Wichita’s primary retirement plans for public employees are in unusually strong shape, a financial consultant told the City Council on Tuesday.
Pat Beckham, an actuary with Cavanaugh Macdonald Consulting, told city officials the city’s contribution rates for the Wichita Employees Retirement System and the Police and Fire Retirement System will drop at least a percentage point in 2015, beneficiaries of improved investment performance.
Council member James Clendenin said the report is a testament to the council’s fiscal conservatism, with other public employee retirement funds – including the Kansas Public Employees Retirement System – suffering financially.
“Instead of this being a train wreck, we’re getting close to the end of the tunnel,” he said after the meeting. “There are other cities not doing nearly as well as we are.”
The retirement fund investments earned a little more than 9 percent, Beckham said. As a result, the city will save almost $1.4 million – $1.2 million from the general fund, approximately $130,000 from the water and sewer utility and $45,000 from the airport fund, City Manager Robert Layton said.
The city contribution rate to the city retirement system will drop from 13.2 percent to 12.2 percent this year. That’s still higher than the 10.2 percent rate in 2009 or the 10.6 percent rate in 2010, before recession-fueled investment losses began to take their toll.
The employer contribution rate to the police and fire plan will drop to 21.3 percent, down from 22.4 percent in 2012. That’s the lowest contribution rate since the recession, city officials said.
The unfunded liabilities in both plans will drop into the single digits – 6.9 percent for the city employees plan and 7.5 percent for the police and fire plan.

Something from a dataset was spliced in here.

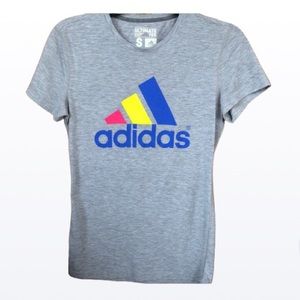 Adidas  girls grey logo small shirt ultimate Atletic top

Significant amounts of the city’s contribution — a third in the city plan and a fourth in the police and fire plan — are designed to buy down the unfunded liabilities.
Beckham presented a slide that shows the average municipal retirement system nationwide is saddled with a little more than 20 percent in unfunded liabilities.
“You should be extremely proud of what you’ve done,” Beckham said. “Very few systems are that strongly funded.”
Nonetheless, such retirement programs are shrouded in uncertainty, she said, since they require future predictions of how long city employees will work and then live.
The city still is considering moving new employees away from the two defined benefit plans, possibly into the type of defined contribution plan popular in the private sector.